I was the user experience designer for this project.
What does this mean? I was responsible for both concept and visual design, through a structured process in different stages and playing different roles for each one of them: user researcher, interaction designer, data analyst, visual designer.
I used the Design Thinking framework to carry out all the activities needed to structure this project, from the problem to a design solution. Through the Empathize, Define, Ideate, Prototype and Test phases, I could use some tools and methods to helped me to achieve the goal: Competitive audit, Persona, Interviews, User journey map, Empathy map, Wireframing, Sketching, Sketching, Mockups, Usability study, Prototypes.
I conducted interviews and created empathy maps to understand the users I’m designing for and their needs. A primary user groups identified was final year design students who want to be prepared for the labor field, the other group was professionals who want to improve their specific design skills.
A bunch of information
To have to analyze a bunch of information about different mentors and doesn’t know who is the best fit mentor to them.
To have to send a blind request
Users can’t figure it out mentors availability. So they must send some mentoring request and to wait for responses.
Need guidance
Users know they need a mentor, but they don’t necessarily know the path they need to follow to accomplish their goals.
We design personas based on research, to help us to understand user’s needs, experiences, behaviours and goals.
Scenario: Thomas is trying to find available mentors to send request and get response quickly.
Time to start to shape the solution, information architecture helped me to draw the path of users on the platform to reach their goal on this platform.
Put ideas on paper is key to quickly materialize ideas and analyze the flow.
Homepage ideas
I sketched out ideas, keeping the user’s pain points about navigation and browsing in mind.
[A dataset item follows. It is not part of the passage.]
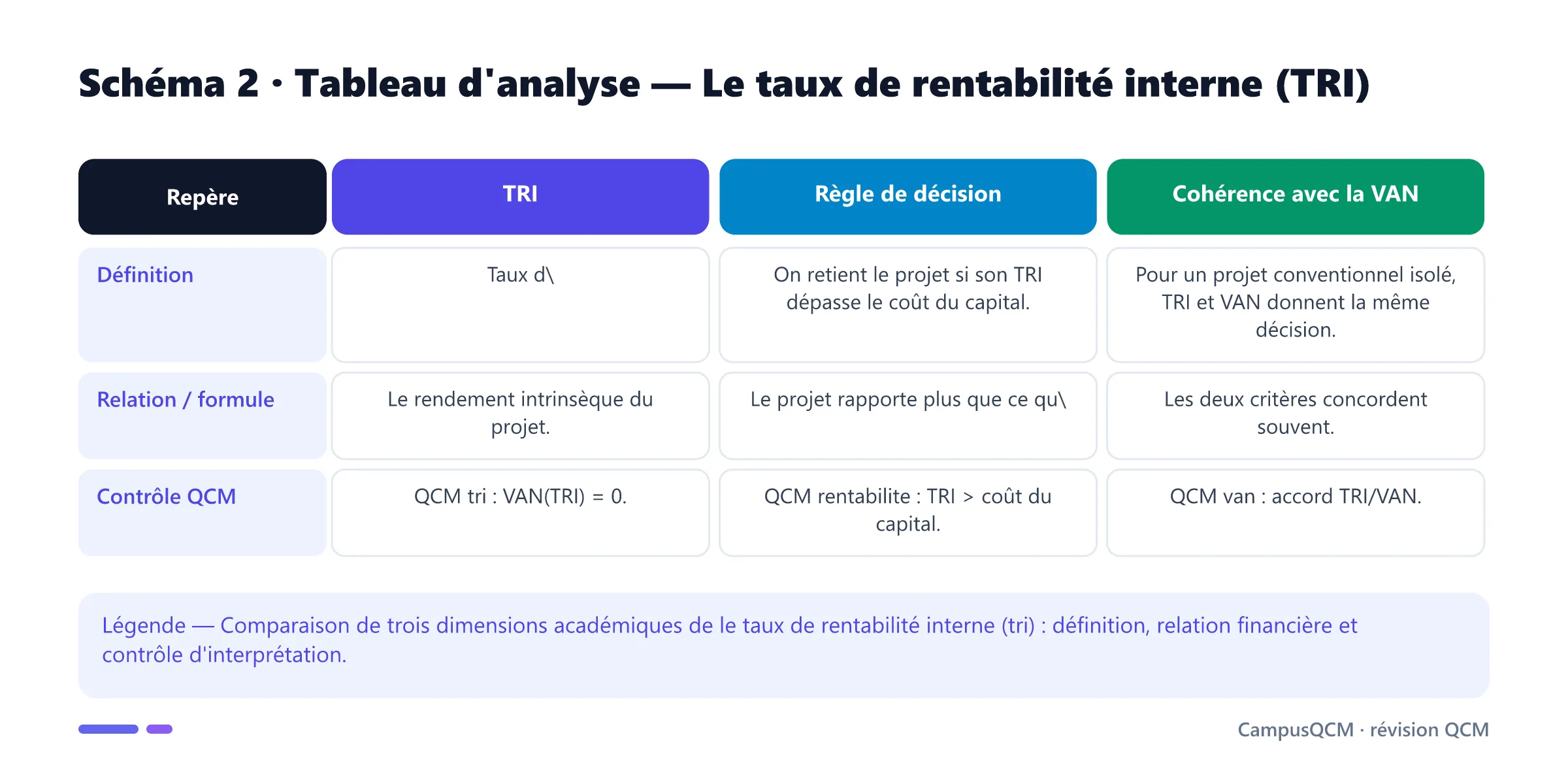 Tableau académique comparant les principaux repères de taux de rentabilité interne (tri).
These home screen paper wireframe variations help to keep the focus on optimizing the browsing experience.
I kept the best ideas of each one: assistant or step by step search
And, simple search bar focused and designed on user goal.
Screen size variations
My priorities were to keep the focus on the criteria to search a mentor, and help users to know how to start.
Mobile wireframe
– Home page
– Hamburger menu
– One screen to set the filters
Desktop wireframe
Home page with big search bar above the fold
I tried to keep the page clean, focusing the attention on the search bar.
Search bar with four basic fields to help to define the user needs.
I thought to establish date and time ranges would be easy to select and to match with more available mentors.
This lo-fi prototype simulates searching mentor flow, to get system suggestions based on users preferences and send the mentoring request.
Study type
Unmoderated usability study
Location
United States, Remote
Participants
10 participants
Length
20-30 minutes
The low fidelity prototype was tested with 10 users, at this level, we can uncover the most common issues and learn how our designs perform with sufficient participants for accurate results. The findings are listed below:
1. Search bar
7 of 10 users prefer search bar over navigation.
2. Users lost
2 of 10 users felt lost in the task to find a mentor.
“Wasn’t aware how to approach it in the first place”
3. Calendar
3 of 10 users felt out of control with the 3 hours interval range on the calendar.
4. First clicks
Most users prefer to click the first search field, to the left side of the search bar.
Thanks to usability study findings, I could notice some unclear elements on the design. So it was necessary to take some decisions
1. Include better cues to users to know what to do on the website. Numbers from 1 to 4 to follow a path.
2. Modify the search button to make it more visible and related with the search bar.
3. On the search bar date selector, I included a calendar to select a specific date and time to find a mentor, instead of a range of dates.
4. Prioritize the items in the search bar, to help users follow a logic path. Why? Users tryed to find something first on the left side of the search bar. See heat map, that shows users interactions (clicks) on the home screen.
Impact
Our target users shared that the design is intuitive to navigate through, demonstrated a clear visual hierarchy and flow, they also felt comfortable with the ‘clean and modern design’.
What I learned
I had to heed while users tested the flow, that’s why I could learn more about users preferences and first impressions with the product, to make it more acquaintance with their expectations.
Next steps
– Conduct follow-up usability testing on the website.
– Continue with design of additional flows on the website, like login or to see other mentors different to suggested.